El conductor Mariano Iúdica es razonablemente simpático -sobre todo, cuando se lo compara con otros conductores de programas subsidiarios de Bailando por un sueño, como el inexplicable Juan María Listorti- y casi un deportista olímpico a la hora de lo que en la jerga televisiva se llama "remar", es decir, llenar los espacios de continuidad vacía apelando a cualquier recurso. Teniendo en cuenta que La cocina del show es prácticamente un show vacío de atracciones o entretenimientos propiamente dichos, el "remo" de Iúdica es su motor vital, y se traduce en un recurso casi único: el avance lleno de expectativas armadas a fuerza de adjetivos superlativos ("increíble", "nunca visto", "im-pre-sio-nan-te") de cualquier puerilidad que se vaya a presentar luego. Y no utilizamos el término "pueril" en referencia a la escasa calidad de la actividad creativa que se presenta, sino en la inexistencia absoluta de una actividad propiamente creativa.

Posiblemente muchos de los televidentes de La cocina del show sean de la clase de gente que toma como una ofensa personal cuando, en alguna de las cada vez más escasas películas para adultos, el director se toma dos o tres minutos para realizar un plano más bien silencioso y estático, aunque significante. Sin embargo, a esos mismos televidentes no les preocupa cuando en La cocina del show el programa, literalmente, queda congelado en el vacío, dedicando tres o cuatro minutos a enfocar -sin intervenciones verbales de los conductores- a los presentes en el estudio bailando -al ritmo de una banda generalmente ignota- sin coreografía y sonriendo a la cámara. Y eso se prolonga, con interludios verbales en los que una entrevista jamás llega a ser una entrevista propiamente dicha, durante seis horas infinitas, sin ni siquiera llegar a chocar o provocar algún tipo de irritación en el espectador. Ni el más extremo de los dramaturgos del absurdo propondría algo así, y mucho menos conseguiría venderlo.

Eso no es entretenimiento

Evidentemente, a menos que se trate de un acto de suicidio comercial, el rating uruguayo de La cocina del show debe ser considerable -lo cual no sería de extrañar en un país en el que Bailando por un sueño sigue siendo, lejos, el programa más visto-.

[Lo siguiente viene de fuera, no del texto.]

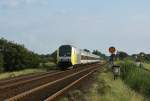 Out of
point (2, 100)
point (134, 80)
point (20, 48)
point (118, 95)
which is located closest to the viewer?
point (2, 100)

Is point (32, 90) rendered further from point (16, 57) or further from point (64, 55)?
point (16, 57)

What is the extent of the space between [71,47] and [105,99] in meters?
41.0

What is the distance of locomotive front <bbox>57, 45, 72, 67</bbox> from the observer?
5806 cm

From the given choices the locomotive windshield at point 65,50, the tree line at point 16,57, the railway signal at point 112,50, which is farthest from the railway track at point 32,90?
the tree line at point 16,57

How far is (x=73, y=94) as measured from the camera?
68.9ft

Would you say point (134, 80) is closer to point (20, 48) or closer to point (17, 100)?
point (17, 100)

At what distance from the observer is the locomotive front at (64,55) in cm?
5806

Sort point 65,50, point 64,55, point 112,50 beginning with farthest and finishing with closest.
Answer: point 65,50 → point 64,55 → point 112,50

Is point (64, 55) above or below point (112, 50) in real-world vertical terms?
above

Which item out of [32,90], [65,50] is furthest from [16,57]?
[32,90]

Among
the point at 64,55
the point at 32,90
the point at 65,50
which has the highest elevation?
the point at 65,50

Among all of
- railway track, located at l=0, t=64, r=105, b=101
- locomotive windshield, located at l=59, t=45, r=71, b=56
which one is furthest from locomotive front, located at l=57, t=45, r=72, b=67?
railway track, located at l=0, t=64, r=105, b=101

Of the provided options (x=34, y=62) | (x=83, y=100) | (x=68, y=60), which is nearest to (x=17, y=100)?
(x=83, y=100)

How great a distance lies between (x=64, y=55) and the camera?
193ft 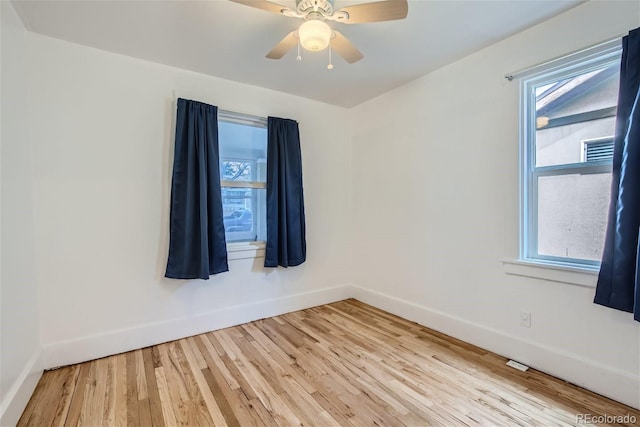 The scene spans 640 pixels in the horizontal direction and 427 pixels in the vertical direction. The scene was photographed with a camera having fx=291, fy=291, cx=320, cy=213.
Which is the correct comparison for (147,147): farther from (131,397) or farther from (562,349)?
(562,349)

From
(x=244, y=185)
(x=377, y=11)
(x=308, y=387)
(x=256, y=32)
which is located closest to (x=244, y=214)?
(x=244, y=185)

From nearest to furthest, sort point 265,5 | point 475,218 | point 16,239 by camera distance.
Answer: point 265,5
point 16,239
point 475,218

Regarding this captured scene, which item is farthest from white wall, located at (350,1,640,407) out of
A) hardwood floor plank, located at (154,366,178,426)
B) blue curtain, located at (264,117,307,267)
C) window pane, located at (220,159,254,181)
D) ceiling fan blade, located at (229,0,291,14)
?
hardwood floor plank, located at (154,366,178,426)

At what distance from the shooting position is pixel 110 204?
239 centimetres

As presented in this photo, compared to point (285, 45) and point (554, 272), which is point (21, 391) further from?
point (554, 272)

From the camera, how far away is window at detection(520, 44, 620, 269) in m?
1.91

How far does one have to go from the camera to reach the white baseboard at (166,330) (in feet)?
7.28

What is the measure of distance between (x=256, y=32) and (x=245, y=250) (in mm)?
1967

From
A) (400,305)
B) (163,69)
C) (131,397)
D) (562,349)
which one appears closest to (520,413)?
(562,349)

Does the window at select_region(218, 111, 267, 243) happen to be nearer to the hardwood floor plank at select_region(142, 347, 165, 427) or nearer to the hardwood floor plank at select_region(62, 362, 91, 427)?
the hardwood floor plank at select_region(142, 347, 165, 427)

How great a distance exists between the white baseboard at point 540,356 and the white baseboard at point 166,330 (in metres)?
1.22

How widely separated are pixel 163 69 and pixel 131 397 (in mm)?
2567

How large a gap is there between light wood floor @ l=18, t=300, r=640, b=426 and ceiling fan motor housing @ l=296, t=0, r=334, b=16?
7.59ft

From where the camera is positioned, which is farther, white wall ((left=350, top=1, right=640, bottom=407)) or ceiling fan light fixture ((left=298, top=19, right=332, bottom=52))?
white wall ((left=350, top=1, right=640, bottom=407)) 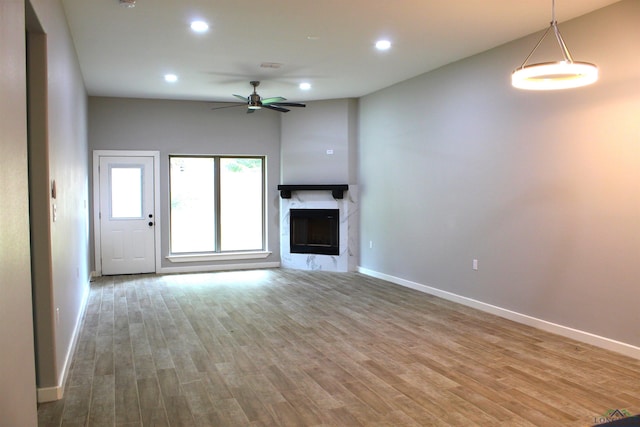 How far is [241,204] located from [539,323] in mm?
5568

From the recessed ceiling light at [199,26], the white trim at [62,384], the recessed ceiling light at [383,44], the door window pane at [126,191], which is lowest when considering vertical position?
the white trim at [62,384]

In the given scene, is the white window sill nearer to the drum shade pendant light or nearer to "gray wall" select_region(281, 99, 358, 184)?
"gray wall" select_region(281, 99, 358, 184)

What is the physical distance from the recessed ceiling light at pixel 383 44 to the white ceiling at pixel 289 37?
→ 74 mm

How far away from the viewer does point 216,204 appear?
8734mm

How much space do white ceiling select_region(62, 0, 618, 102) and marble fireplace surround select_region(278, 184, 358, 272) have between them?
1976mm

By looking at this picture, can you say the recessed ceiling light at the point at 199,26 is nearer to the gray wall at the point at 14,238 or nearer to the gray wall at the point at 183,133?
the gray wall at the point at 14,238

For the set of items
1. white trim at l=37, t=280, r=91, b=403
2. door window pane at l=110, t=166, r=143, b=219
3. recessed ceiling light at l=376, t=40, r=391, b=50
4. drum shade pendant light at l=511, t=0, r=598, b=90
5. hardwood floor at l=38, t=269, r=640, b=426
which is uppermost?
recessed ceiling light at l=376, t=40, r=391, b=50

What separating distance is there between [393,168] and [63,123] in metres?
4.55

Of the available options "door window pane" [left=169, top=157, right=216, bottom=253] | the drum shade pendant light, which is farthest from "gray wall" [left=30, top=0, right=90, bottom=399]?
"door window pane" [left=169, top=157, right=216, bottom=253]

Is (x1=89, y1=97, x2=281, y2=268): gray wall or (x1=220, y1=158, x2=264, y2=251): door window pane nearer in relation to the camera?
(x1=89, y1=97, x2=281, y2=268): gray wall

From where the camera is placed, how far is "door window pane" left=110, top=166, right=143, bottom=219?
26.6 ft

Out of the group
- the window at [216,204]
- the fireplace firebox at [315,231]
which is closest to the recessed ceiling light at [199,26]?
the window at [216,204]

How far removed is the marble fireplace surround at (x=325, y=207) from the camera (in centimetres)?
831

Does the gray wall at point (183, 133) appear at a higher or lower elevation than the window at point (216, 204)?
higher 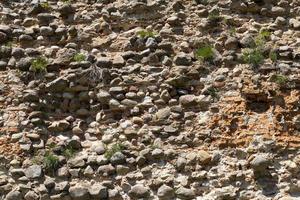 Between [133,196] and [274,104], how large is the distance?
2.10 meters

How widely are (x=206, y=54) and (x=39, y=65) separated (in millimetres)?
2178

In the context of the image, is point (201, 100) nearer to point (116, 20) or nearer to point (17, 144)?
point (116, 20)

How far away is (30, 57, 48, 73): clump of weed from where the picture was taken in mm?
7113

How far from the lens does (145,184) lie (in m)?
6.26

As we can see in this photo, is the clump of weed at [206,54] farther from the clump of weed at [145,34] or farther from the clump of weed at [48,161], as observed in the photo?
the clump of weed at [48,161]

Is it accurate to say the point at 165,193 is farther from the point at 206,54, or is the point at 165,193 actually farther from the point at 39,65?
the point at 39,65

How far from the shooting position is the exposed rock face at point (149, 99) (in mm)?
6277

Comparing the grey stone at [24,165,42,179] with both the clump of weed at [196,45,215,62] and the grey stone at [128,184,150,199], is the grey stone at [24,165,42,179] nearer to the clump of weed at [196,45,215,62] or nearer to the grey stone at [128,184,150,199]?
the grey stone at [128,184,150,199]

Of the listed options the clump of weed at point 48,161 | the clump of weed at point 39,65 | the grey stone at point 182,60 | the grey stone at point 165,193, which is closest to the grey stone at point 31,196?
the clump of weed at point 48,161

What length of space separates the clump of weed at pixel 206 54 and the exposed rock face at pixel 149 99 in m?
0.01

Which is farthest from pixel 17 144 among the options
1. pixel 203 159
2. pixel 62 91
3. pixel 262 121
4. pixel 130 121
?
pixel 262 121

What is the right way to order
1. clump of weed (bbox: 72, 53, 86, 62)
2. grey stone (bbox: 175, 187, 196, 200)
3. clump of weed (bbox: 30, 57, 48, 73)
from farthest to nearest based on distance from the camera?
clump of weed (bbox: 72, 53, 86, 62) < clump of weed (bbox: 30, 57, 48, 73) < grey stone (bbox: 175, 187, 196, 200)

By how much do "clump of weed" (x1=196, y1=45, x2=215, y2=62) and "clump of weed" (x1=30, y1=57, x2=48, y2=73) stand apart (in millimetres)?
2001

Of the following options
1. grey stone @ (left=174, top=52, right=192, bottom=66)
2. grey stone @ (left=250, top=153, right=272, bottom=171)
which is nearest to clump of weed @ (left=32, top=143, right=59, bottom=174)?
Result: grey stone @ (left=174, top=52, right=192, bottom=66) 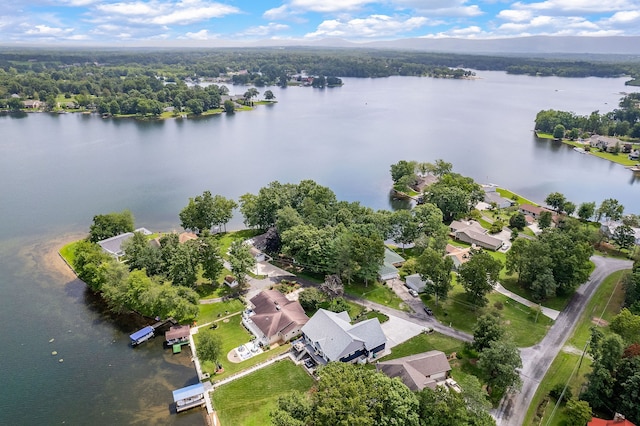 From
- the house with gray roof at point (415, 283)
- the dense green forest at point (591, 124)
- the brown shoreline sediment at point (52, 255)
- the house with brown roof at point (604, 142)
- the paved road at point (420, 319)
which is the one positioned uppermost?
the dense green forest at point (591, 124)

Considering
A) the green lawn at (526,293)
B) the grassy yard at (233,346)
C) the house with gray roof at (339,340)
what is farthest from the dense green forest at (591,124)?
the grassy yard at (233,346)

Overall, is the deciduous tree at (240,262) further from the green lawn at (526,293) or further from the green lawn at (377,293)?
the green lawn at (526,293)

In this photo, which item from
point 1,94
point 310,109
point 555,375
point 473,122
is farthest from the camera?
point 310,109

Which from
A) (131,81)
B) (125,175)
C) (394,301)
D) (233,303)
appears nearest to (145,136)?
(125,175)

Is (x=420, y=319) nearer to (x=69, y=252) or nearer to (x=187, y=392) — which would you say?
(x=187, y=392)

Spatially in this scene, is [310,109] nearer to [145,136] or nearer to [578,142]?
[145,136]

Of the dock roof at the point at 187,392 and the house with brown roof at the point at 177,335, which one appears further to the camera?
the house with brown roof at the point at 177,335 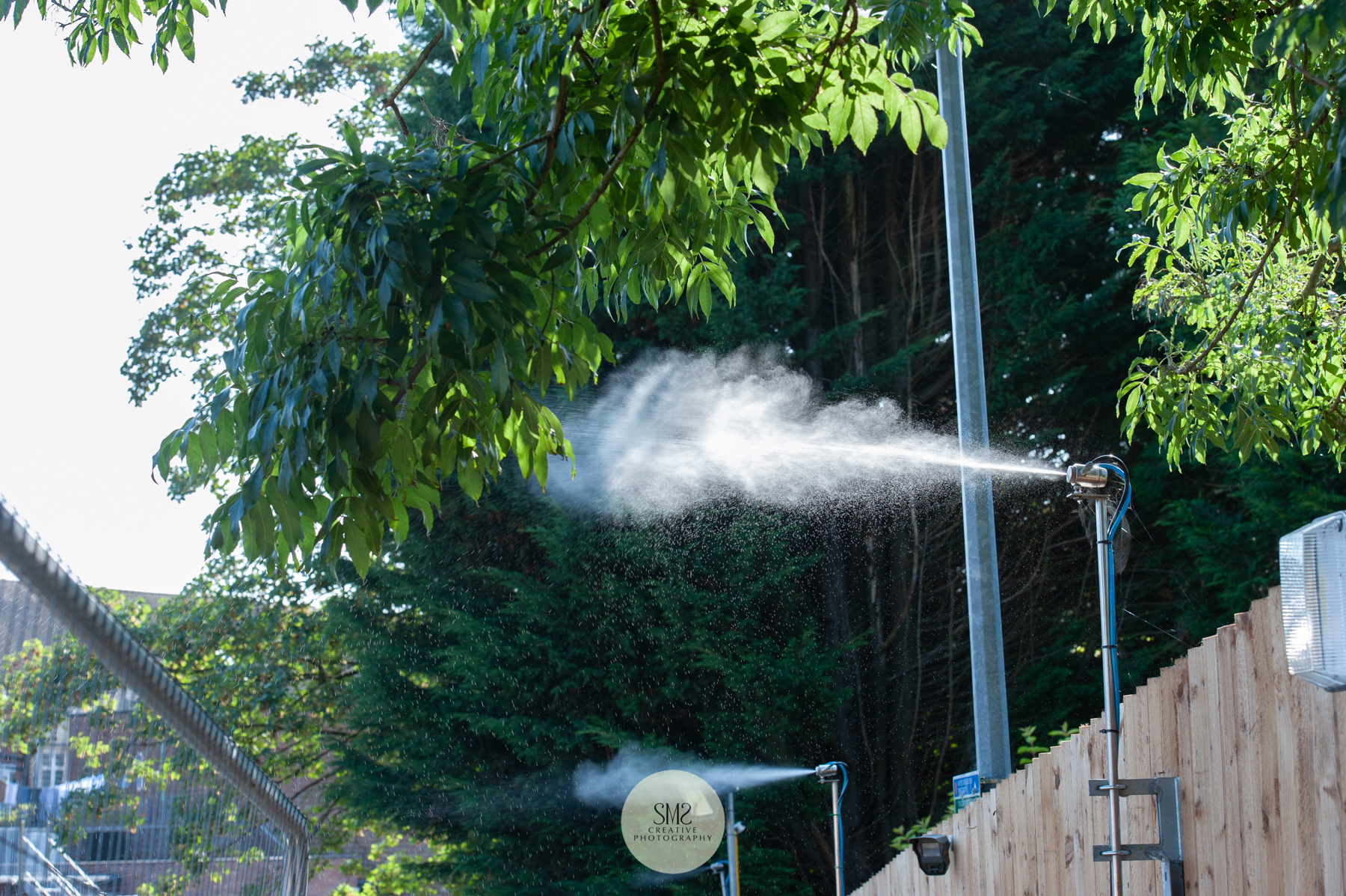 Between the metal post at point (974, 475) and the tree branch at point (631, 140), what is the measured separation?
2.82 metres

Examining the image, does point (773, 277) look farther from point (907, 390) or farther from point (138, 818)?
point (138, 818)

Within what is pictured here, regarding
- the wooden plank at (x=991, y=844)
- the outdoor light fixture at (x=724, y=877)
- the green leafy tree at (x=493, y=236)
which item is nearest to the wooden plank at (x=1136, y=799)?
the wooden plank at (x=991, y=844)

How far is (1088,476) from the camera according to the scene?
11.8 ft

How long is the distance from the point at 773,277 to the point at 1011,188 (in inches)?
99.7

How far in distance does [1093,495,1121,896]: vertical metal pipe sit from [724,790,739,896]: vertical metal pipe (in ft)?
17.1

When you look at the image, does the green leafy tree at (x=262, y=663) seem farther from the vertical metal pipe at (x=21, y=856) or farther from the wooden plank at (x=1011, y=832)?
the vertical metal pipe at (x=21, y=856)

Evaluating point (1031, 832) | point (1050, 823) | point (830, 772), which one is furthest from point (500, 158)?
point (830, 772)

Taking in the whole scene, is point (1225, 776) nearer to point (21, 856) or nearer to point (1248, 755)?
point (1248, 755)

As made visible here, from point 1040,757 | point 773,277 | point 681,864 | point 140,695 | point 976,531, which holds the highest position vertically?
point 773,277

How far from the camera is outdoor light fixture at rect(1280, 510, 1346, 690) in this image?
2000 millimetres

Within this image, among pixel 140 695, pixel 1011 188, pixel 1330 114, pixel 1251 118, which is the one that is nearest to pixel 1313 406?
pixel 1251 118

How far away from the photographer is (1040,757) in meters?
3.96

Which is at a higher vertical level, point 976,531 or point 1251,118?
point 1251,118

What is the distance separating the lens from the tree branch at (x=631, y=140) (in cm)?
222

En su famoso cuento “Un lugar limpio y bien iluminado”, Ernest Hemingway incluyó una parodia del padre nuestro que puede considerarse un antecedente nihilista del punk y que dice: “Nada nuestro que estás en la nada, nada en tu nombre, tu reino nada, tú seras nada en la nada como en la nada. Danos esta nada de cada día y nada nuestros nada como también nosotros nada a nuestros nada y no nos nada en la nada mas líbranos de nada; pues nada”. Eso es, esencialmente, La cocina del show: un auto con el motor rugiendo y las ruedas girando en el aire, absolutamente inmóvil pero lleno de pasajeros sonrientes y colmados de expectativa por llegar a alguna parte, admirando el estático paisaje. Tal vez un modelo del futuro de la televisión y casi una invitación directa a bajarse e irse caminando en cualquier otra dirección.